The Emirates crew onboard is in PPEs and donning face masks. Passengers, even those travelling together, are seated with one empty seat between them. Again, not all airlines are implementing the ‘one seat empty’ policy; so if that’s important to you, check ahead with the airline. For instance, Turkish Airlines has not changed its seating arrangements.
Once seated, the first thing the Emirates crew hands out is the travel hygiene kit. This comprises face masks, gloves, a hand sanitiser and antibacterial wipes. Then the crew distributes health forms issued by the UAE government to declare if you have any symptoms and where you’ll be staying, etc.

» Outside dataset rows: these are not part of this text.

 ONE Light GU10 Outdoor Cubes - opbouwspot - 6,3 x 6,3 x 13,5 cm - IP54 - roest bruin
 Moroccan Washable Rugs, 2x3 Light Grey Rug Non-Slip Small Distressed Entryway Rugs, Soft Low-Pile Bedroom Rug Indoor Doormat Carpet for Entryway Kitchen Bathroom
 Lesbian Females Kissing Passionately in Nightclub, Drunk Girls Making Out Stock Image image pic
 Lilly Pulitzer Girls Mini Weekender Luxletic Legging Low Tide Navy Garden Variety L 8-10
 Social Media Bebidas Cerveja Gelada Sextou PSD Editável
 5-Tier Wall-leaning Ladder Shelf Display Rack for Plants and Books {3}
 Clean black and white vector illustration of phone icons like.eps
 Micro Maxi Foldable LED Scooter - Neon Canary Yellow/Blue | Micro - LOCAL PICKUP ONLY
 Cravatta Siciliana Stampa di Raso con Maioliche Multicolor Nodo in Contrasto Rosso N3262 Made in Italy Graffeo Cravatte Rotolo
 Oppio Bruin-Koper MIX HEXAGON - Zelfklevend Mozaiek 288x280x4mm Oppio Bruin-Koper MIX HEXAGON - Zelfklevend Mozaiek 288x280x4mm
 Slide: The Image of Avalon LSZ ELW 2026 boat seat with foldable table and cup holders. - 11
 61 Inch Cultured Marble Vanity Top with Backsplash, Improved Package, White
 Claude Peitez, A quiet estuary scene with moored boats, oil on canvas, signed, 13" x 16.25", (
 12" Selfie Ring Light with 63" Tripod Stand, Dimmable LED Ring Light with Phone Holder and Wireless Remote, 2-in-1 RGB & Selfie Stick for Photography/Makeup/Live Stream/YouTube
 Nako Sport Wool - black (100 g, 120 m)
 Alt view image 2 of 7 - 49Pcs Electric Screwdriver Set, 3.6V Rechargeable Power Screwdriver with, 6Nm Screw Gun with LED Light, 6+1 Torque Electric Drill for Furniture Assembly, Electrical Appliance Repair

The pilot announces that the food and beverage service has been ‘modified’, which turned out to mean two Danish pastries and a fruit cup in disposable packaging plus tea/juice service — not really a big adjustment for a flight that barely takes up to two hours.
It's not over till there's a second Covid test
Once the flight lands, whatever little distancing was observed earlier is also done away with. It’s the same sight that I’ve seen for over 25 years on the Karachi-Dubai route; everyone is up on their feet as soon as the plane stops moving and crammed together in the aisles, waiting to disembark, never mind basic distancing in a public space.
Unlike many other countries, Dubai is open for business. And not just open, Dubai is inviting tourists to visit and compelling residents to return. A glance at Dubai International Airport's Terminal 3 — one of the busiest in the world before Covid-19 struck — makes it clear, however, that people still need more convincing.
At the concourse where we land, the Duty Free and other shops are closed and passengers are much fewer than usual.
As we make our way to passport control, airport staff starts telling people to get in line, make sure the form handed in the plane is filled out and that arriving passengers download the Dubai Covid-19 app on their phones.
The lines lead to counters with staff in PPE. When it’s my turn, the person at the counter asks me to take a seat, and takes the form and my passport. Still unsure as to what was the purpose of this counter, I ask him and he confirms my suspicion, saying he’s prepping my documents for a (free of cost) Covid-19 test. “Please don’t leave your accommodation until you receive your negative test result,” he instructs.
A little further ahead, there are cubicles set up with medical staff outside each. One of them takes my paper, asks me to come inside the cubicle and swiftly conducts a Covid-19 test — my second in less than 96 hours. I’m told I’ll have the test results within 24 hours (I got mine in around 15).
I want to emphasise that the process I went through to arrive in Dubai did not mean that I was free to travel all across the UAE without additional Covid-19 tests. Each emirate in the UAE has its own set of rules — so much so that anyone who wants to enter the emirate of Abu Dhabi even from within the rest of the UAE must present a negative coronavirus test at the border.
Travelling for business or for pleasure? Stick to necessity
Similarly, Karachi airport also had an added step upon arrival when I returned. Right after you disembark the plane — and are generously sprayed with a disinfectant — the aviation authority has set up counters to make sure everyone has filled out the medical forms properly before proceeding to passport control.
As for distancing, again, it’s all about how YOU maintain the distance, whether others do or not. Simply put, stay a few steps behind.
My journey and trip was thankfully safe and smooth but I’d like to stress that at this time, travel only for necessity — as I did — and not leisure. As tempting as it might be to avail offers by hotels and airlines (aimed at reviving pandemic-struck sectors), having to undergo multiple Covid-19 tests and taking the risk of contracting the virus is not worth it.